BRIEF DESCRIPTION OF THE DRAWINGS
[0031] FIG. 1 is a control block diagram using a conventional
resolver and the like;
[0032] FIG. 2 is a control block diagram using a conventional field
weakening control;
[0033] FIG. 3 is a sectional view of a structure showing one
example of a brushless DC motor, which is to be controlled in the
invention;
[0034] FIG. 4 is a block diagram showing one example of a control
system in which control method is switched depending upon rotation
speed of a motor of the invention;
[0035] FIG. 5 is a block diagram showing one example of calculation
of a current command value of the invention;
[0036] FIG. 6 is a block diagram showing another embodiment of the
control system in which a control method is switched in accordance
with rotation speed of the motor of the invention;
[0037] FIG. 7 is a block diagram showing one example of the control
system, which is switched with hysteresis characteristics in
accordance with rotation speed of the motor of the invention;
[0038] FIG. 8 is a diagram showing a principle of position
detection of the rotor of the brushless DC motor;
[0039] FIGS. 9 are diagrams showing one example of current waveform
and counter voltage waveform which energize a rectangular wave
motor to which the present invention is applied;
[0040] FIG. 10 is a block diagram showing one example of a control
system to which the field weakening control of the invention is
applied;
[0041] FIG. 11 is a block diagram showing one example of d axis
current calculation for the field weakening control of the
invention;_ FIG. 12 is a diagram showing one example of the effect
of the field weakening control of the invention;
[0042] FIG. 13 is a block diagram showing one example of
combination of the field weakening control and a control system in
which the control method is switched in accordance with the
rotation speed of the motor of the invention; and
[0043] FIG. 14 is a diagram showing one example of the effect of a
combination of the field weakening control and the switching of the
control method.
DETAILED DESCRIPTION OF PREFERRED EMBODIMENTS
[0044] An embodiment of a first invention will be explained with
reference to the drawings.
[0045] This embodiment will be explained based on a case in which
the present invention is applied to a 3 phase brushless DC motor,
but the invention is not limited to this, and the invention can
also be applied to other motors similarly.
[0046] In FIG. 3, a 3 phase brushless DC motor 1 of the embodiment
of the invention includes a cylindrical housing 2, a rotation shaft
4 which is disposed along an axis of the housing 2 and which is
rotatably supported by bearings 3a and 3b, a motor driving
permanent magnet 5 fixed to the rotation shaft 4, and a stator 6
which is fixed to an inner peripheral surface of the housing 2 such
as to surround the permanent magnet 5 and around which 3 phase
exciting coils are wound.
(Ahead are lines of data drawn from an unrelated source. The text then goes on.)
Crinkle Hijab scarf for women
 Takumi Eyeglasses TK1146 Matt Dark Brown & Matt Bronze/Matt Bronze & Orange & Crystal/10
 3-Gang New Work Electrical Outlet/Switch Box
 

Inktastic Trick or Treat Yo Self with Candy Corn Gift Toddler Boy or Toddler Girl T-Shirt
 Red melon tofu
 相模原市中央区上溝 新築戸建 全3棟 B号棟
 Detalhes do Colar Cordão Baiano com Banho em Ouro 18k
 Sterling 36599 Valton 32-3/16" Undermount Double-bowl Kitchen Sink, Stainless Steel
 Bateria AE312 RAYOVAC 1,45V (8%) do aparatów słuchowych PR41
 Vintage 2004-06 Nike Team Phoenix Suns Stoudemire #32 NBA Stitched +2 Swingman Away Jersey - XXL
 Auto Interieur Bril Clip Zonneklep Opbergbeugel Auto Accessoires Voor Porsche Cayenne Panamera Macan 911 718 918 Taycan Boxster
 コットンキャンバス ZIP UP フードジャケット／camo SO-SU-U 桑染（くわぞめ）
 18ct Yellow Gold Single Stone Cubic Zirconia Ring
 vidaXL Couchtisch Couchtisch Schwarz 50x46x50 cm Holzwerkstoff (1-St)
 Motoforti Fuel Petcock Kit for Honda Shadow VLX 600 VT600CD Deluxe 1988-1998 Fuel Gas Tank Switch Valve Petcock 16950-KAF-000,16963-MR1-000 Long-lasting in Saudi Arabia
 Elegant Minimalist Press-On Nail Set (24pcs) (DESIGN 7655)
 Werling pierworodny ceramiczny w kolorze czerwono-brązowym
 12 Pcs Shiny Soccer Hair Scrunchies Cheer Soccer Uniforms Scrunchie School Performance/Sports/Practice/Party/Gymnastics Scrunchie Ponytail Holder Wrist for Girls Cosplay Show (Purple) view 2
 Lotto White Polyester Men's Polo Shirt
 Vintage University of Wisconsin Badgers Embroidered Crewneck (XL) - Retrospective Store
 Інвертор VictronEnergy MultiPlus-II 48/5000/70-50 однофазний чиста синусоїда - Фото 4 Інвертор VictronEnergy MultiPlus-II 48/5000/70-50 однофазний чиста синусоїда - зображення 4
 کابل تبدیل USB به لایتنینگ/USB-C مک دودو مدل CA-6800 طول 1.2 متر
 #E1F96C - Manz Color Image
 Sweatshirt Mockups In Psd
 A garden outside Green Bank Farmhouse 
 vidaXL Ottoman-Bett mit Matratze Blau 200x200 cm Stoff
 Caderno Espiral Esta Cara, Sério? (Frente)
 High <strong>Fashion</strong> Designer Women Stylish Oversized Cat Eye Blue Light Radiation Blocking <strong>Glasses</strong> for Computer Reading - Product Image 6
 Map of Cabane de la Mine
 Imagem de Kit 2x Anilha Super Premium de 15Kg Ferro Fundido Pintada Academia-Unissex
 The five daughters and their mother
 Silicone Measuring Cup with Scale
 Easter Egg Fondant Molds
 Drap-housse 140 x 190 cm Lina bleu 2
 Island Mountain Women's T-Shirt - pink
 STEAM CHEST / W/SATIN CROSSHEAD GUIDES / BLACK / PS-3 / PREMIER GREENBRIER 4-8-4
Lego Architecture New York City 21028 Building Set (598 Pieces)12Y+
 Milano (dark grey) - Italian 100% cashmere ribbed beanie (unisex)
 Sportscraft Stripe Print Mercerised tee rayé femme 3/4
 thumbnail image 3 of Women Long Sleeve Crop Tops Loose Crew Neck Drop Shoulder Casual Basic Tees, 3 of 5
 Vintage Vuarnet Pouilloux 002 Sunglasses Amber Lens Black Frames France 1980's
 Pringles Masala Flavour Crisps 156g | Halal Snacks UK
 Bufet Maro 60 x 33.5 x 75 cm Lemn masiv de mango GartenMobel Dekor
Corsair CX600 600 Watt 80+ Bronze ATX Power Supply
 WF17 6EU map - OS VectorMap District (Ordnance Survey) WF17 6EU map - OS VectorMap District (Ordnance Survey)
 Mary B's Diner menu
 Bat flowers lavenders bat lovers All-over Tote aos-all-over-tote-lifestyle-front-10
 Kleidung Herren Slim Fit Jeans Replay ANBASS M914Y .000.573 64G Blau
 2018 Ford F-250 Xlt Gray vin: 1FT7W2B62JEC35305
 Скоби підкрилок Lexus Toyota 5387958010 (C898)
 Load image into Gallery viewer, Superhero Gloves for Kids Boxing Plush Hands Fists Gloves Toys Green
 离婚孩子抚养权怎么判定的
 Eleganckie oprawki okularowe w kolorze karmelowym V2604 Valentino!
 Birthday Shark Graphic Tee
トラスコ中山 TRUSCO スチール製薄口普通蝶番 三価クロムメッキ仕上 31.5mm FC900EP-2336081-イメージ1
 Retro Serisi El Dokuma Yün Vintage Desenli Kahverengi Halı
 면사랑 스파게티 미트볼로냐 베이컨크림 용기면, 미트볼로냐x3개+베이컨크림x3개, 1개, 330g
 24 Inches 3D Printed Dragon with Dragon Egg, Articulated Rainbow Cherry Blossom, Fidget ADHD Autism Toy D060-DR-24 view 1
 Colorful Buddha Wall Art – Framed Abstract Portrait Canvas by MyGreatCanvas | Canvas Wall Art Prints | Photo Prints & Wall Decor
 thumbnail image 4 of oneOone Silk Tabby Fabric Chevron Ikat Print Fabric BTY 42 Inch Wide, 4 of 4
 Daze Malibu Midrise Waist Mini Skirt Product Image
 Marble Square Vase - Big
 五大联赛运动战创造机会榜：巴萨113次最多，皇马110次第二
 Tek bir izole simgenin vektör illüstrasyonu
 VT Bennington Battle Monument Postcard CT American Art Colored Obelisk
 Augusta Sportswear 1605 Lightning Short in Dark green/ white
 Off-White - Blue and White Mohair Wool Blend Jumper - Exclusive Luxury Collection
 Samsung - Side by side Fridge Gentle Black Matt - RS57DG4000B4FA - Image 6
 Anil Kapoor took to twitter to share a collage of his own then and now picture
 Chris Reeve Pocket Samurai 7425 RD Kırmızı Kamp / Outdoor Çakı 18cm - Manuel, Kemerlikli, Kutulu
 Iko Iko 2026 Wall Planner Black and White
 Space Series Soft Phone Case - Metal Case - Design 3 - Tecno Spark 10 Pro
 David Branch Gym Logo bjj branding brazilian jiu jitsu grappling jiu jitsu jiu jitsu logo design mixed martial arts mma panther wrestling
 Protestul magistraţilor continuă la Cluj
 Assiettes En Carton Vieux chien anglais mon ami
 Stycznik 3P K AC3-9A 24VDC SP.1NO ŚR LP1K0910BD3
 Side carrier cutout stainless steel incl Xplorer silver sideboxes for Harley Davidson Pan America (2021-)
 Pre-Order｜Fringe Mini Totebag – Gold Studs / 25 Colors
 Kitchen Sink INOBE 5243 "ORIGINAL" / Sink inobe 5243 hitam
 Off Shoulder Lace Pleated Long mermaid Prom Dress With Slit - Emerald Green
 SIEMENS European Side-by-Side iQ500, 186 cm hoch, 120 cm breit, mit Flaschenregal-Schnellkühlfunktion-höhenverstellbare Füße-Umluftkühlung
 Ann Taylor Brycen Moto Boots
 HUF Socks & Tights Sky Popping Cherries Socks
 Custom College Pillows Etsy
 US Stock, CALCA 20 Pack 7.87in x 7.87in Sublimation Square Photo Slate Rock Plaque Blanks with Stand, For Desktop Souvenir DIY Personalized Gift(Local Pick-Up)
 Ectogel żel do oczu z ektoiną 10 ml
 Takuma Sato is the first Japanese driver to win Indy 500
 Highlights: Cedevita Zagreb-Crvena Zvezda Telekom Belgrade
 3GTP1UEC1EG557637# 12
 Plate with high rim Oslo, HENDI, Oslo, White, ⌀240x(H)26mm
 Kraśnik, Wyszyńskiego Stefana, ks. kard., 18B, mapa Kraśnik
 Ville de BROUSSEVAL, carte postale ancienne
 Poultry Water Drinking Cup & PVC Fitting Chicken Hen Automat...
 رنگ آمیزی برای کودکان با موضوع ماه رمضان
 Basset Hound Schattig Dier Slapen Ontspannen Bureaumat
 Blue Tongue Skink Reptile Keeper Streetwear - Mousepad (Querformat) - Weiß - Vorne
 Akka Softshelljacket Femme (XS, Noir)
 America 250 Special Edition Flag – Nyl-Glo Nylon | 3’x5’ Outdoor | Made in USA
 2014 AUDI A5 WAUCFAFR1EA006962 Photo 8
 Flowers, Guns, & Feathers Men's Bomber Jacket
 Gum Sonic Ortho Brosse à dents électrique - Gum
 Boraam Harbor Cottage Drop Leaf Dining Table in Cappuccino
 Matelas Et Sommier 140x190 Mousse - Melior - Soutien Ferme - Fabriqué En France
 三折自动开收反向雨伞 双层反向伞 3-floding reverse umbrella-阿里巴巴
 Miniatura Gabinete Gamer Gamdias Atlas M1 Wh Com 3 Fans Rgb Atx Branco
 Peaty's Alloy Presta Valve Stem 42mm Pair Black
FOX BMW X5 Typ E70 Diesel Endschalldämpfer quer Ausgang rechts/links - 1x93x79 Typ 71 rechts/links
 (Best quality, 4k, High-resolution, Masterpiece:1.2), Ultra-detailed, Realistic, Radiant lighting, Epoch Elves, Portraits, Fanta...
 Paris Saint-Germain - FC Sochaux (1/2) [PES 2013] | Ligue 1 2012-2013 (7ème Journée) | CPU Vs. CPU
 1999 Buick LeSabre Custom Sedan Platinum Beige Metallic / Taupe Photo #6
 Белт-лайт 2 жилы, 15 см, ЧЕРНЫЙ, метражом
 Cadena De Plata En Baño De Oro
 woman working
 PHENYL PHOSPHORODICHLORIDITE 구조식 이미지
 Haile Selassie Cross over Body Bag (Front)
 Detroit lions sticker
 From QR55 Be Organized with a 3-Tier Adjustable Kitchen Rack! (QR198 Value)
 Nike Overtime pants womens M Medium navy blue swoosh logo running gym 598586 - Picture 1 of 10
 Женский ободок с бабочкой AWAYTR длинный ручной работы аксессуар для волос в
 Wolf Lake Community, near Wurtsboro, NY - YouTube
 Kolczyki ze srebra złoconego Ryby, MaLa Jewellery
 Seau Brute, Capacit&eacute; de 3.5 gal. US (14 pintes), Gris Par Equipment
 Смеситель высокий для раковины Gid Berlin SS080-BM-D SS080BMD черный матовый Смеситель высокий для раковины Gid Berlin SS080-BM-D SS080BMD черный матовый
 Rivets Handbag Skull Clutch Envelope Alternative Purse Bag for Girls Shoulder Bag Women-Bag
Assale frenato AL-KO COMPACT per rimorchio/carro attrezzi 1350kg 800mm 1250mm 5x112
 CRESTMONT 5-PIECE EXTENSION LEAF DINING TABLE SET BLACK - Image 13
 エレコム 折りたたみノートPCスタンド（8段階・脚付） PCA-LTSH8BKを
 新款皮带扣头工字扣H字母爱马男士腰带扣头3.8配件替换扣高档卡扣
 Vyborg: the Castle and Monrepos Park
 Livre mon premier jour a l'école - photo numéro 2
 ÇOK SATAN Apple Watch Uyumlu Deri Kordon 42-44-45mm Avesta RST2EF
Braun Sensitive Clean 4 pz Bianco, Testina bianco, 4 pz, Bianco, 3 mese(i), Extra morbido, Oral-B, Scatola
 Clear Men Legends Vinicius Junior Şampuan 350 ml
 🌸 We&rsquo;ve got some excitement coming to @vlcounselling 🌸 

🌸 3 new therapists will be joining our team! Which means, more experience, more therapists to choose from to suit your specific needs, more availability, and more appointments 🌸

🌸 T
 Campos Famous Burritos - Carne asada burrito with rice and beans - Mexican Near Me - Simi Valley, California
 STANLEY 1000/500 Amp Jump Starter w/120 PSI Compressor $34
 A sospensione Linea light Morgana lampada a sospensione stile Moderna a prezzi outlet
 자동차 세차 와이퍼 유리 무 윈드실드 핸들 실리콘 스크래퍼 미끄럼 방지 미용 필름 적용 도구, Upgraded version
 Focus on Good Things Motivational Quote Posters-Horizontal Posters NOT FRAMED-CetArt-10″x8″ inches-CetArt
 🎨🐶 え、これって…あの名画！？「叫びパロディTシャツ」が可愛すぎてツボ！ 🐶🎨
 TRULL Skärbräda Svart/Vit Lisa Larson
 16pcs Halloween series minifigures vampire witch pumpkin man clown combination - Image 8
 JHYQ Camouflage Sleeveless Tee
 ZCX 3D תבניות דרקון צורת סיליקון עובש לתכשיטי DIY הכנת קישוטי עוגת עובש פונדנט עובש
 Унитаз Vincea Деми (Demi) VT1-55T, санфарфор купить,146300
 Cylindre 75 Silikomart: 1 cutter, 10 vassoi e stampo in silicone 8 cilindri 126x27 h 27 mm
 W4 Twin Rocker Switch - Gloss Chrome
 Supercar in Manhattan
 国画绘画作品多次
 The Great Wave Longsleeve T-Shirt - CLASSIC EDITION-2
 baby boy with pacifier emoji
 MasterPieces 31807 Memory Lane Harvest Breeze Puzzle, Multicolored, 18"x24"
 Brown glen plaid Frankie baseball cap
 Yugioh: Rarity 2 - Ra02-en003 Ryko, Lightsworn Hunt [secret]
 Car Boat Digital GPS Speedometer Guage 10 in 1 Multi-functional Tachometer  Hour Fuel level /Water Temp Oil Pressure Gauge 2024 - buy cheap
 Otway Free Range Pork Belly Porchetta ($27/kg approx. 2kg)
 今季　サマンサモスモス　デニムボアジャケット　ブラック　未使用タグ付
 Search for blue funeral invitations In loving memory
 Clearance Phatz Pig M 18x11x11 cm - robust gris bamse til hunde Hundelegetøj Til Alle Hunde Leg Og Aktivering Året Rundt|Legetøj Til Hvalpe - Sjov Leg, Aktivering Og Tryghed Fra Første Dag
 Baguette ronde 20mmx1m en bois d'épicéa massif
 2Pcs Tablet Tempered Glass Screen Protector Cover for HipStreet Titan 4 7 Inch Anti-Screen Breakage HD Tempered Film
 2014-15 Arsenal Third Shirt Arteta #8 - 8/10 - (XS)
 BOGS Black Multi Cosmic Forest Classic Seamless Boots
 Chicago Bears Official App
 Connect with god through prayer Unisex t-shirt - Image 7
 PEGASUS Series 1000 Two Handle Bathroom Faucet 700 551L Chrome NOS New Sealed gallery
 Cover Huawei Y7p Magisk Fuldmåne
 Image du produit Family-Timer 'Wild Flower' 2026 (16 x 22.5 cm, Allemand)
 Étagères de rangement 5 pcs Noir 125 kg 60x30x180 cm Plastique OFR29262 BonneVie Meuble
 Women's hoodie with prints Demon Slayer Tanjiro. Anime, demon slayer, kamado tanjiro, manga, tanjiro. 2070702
The rotation shaft 4 and the permanent
magnet 5 constitute a rotor 7 (hereinafter, simply referred to as a
rotor). Phase detecting hole sensors are disposed in the vicinity
of one end of the rotation shaft 4 of the rotor 7.
[0047] The motor 1 is controlled using rectangular wave current (or
trapezoidal wave current). Here, The motor is controlled by the
rectangular wave current because if a current peak value is the
same as compared with sine wave current, the rectangular wave
current has greater effective value and thus greater output value
(power) can be obtained. As a result, when a motor having the same
performance is to be produced, there is a merit that the motor can
be made compact if the rectangular wave is used as a control
signal. On the other hand, control using the rectangular wave
current has a drawback that it is difficult to reduce torque ripple
as compared with control using the sine wave current.
[0048] In the following, an embodiment of the present invention for
solving the above-described problem under such circumstances will
be explained using FIG. 4.
[0049] Points of the present invention will be described. One point
is that inexpensive hole sensors having extremely low resolving
power as compared with an encoder or resolver are used, and the
number of hole sensors is also small. Another point is that when
the number of revolutions of the motor is high, a position of the
rotor can be estimated relatively precisely even with a motor
position-estimating circuit comprising the hole sensor and thus,
the vector control is used, and when the number of revolutions is
reduced and signals per time obtained by the hole sensor is reduced
and an error of position estimation is increased, the control mode
is switched to a rectangular wave control such as 120 degrees
conductive control for example which does not require position
estimation of the motor.
[0050] First, a structure of the embodiment of the invention will
be explained using FIG. 4. In FIG. 4, the three hole sensors 48-1,
48-2, 48-3 are disposed in the motor 1. Hole signals from the hole
sensors are input to a position-estimating circuit 41. The hole
sensors 48-1, 48-2, 48-3 and the position-estimating circuit 41
constitute a motor position-estimating circuit. Various motor
position-estimating circuits have been proposed conventionally, and
JP-A No. 2002-272163 and the like describe the motor
position-estimating circuits. A later-described switching rotation
speed of the motor 1 is determined by the performance of the motor
position-estimating circuit. Next, electric angular speed .omega.e
of the motor 1 as rotation speed of the motor which is an output
signal from the position-estimating circuit 41, and a rotation
angle .theta.e of the rotor 7 as a rotor position are input to the
vector control section 100. Moreover, the electric angular speed
.omega.e of the motor 1 is input to a level detector 42 through a
low pass filter (LPF, hereinafter) 49. A signal of a setting
section 43 indicative of set rotation speed N, which is a detection
reference is also input to the level detector 42.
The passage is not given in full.